Following the American Civil War Sesquicentennial with day by day writings of the time, currently 1863.

by John Beauchamp Jones

            JULY 9TH.—The sad tidings from Vicksburg have been confirmed by subsequent accounts. The number of men fit for duty on the day of capitulation was only a little upwards of 7000. Flour was selling at $400 per barrel! This betrays the extremity to which they had been reduced.

            A dispatch to-day states that Grant, with 100,000 men (supposed), is marching on Jackson, to give Johnston battle. But Johnston will retire—he has not men enough to withstand him, until he leads him farther into the interior. If beaten, Mobile might fall.

            We have no particulars yet—no comments of the Southern generals under Pemberton. But the fall of the place has cast a gloom over everything.

            The fall of Vicksburg, alone, does not make this the darkest day of the war, as it is undoubtedly. The news from Lee’s army is appalling.

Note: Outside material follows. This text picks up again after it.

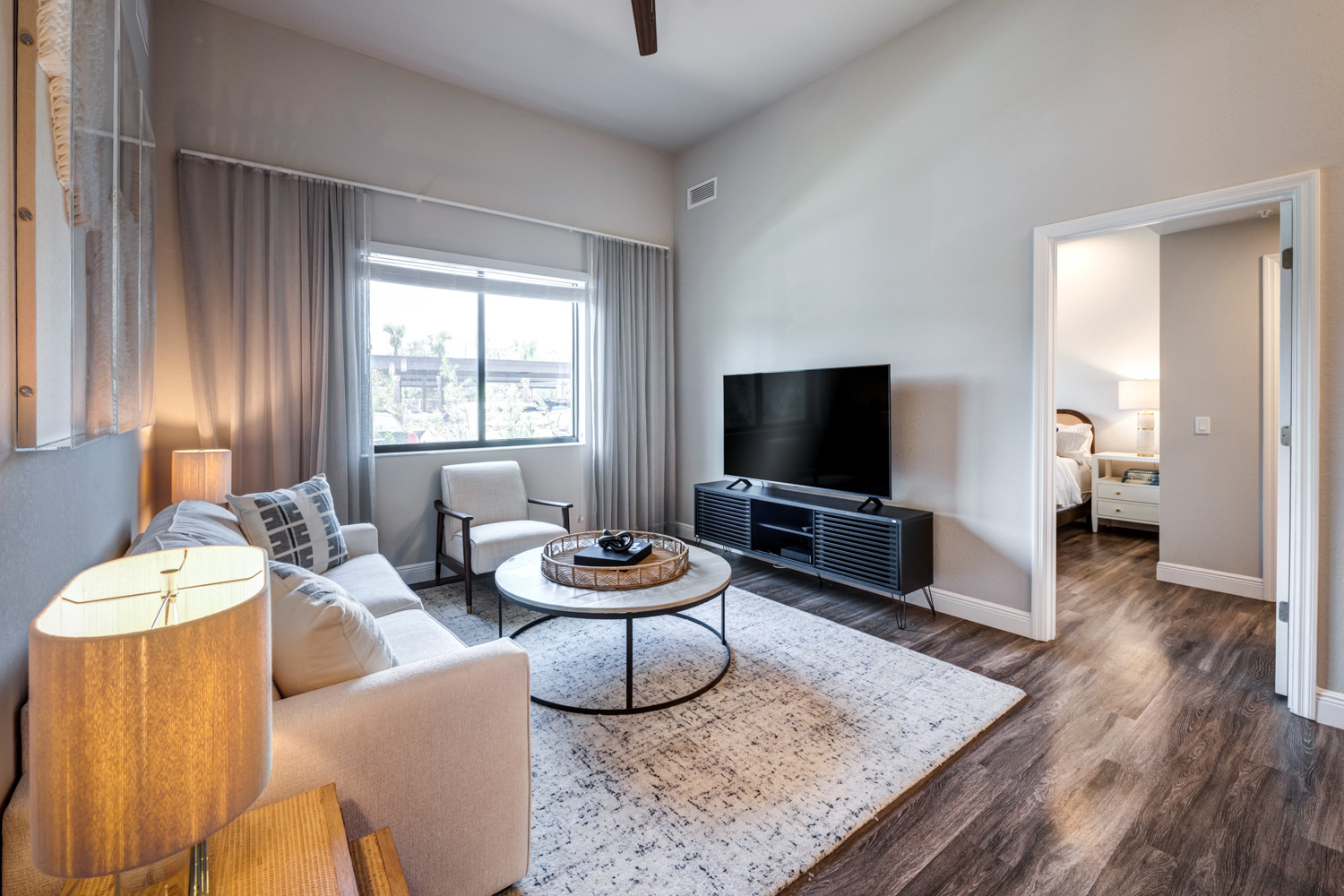 A staged living room at The Arbor at Delray features a beige sofa, round coffee table, and TV console, with a bedroom visible beyond, showcasing the comfortable senior apartments in Delray Beach, FL.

After the battle of Friday, the accounts from Martinsburg now state, he fell back toward Hagerstown, followed by the enemy, fighting but little on the way. Instead of 40,000 we have only 4000 prisoners. How many we have lost, we know not. The Potomac is, perhaps, too high for him to pass it—and there are probably 15,000 of the enemy immediately in his rear! Such are the gloomy accounts from Martinsburg.

            Our telegraph operators are great liars, or else they have been made the dupes of spies and traitors. That the cause has suffered much, and may be ruined by the toleration of disloyal persons within our lines, who have kept the enemy informed of all our movements, there can be no doubt.

            The following is Gen. Johnston’s dispatch announcing the fall of Vicksburg:

“JACKSON, July 7th, 1863.

“HON. J. A. SEDDON, SECRETARY OF WAR.
            “Vicksburg capitulated on the 4th inst. The garrison was paroled, and are to be returned to our lines, the officers retaining their side-arms and personal baggage.
            “This intelligence was brought by an officer who left the place on Sunday, the 5th.

“J. E. JOHNSTON, General.”

            We get nothing from Lee himself. Gen. Cooper, the Secretary of War, and Gen. Hill went to the President’s office about one o’clock. They seemed in haste, and excited. The President, too, is sick, and ought not to attend to business. It will kill him, perhaps.

            There is serious anxiety now for the fate of Richmond. Will Meade be here in a few weeks? Perhaps so—but, then, Lee may not have quite completed his raid beyond the Potomac.

            The Baltimore American, no doubt in some trepidation for the quiescence of that city, gets up a most glowing account of “Meade’s victory”—if it should, indeed, in the sequel, prove to have been one. That Lee fell back, is true; but how many men were lost on each side in killed, wounded, and prisoners—how many guns were taken, and what may be the result of the operations in Pennsylvania and Maryland—of which we have as yet such imperfect accounts—will soon be known.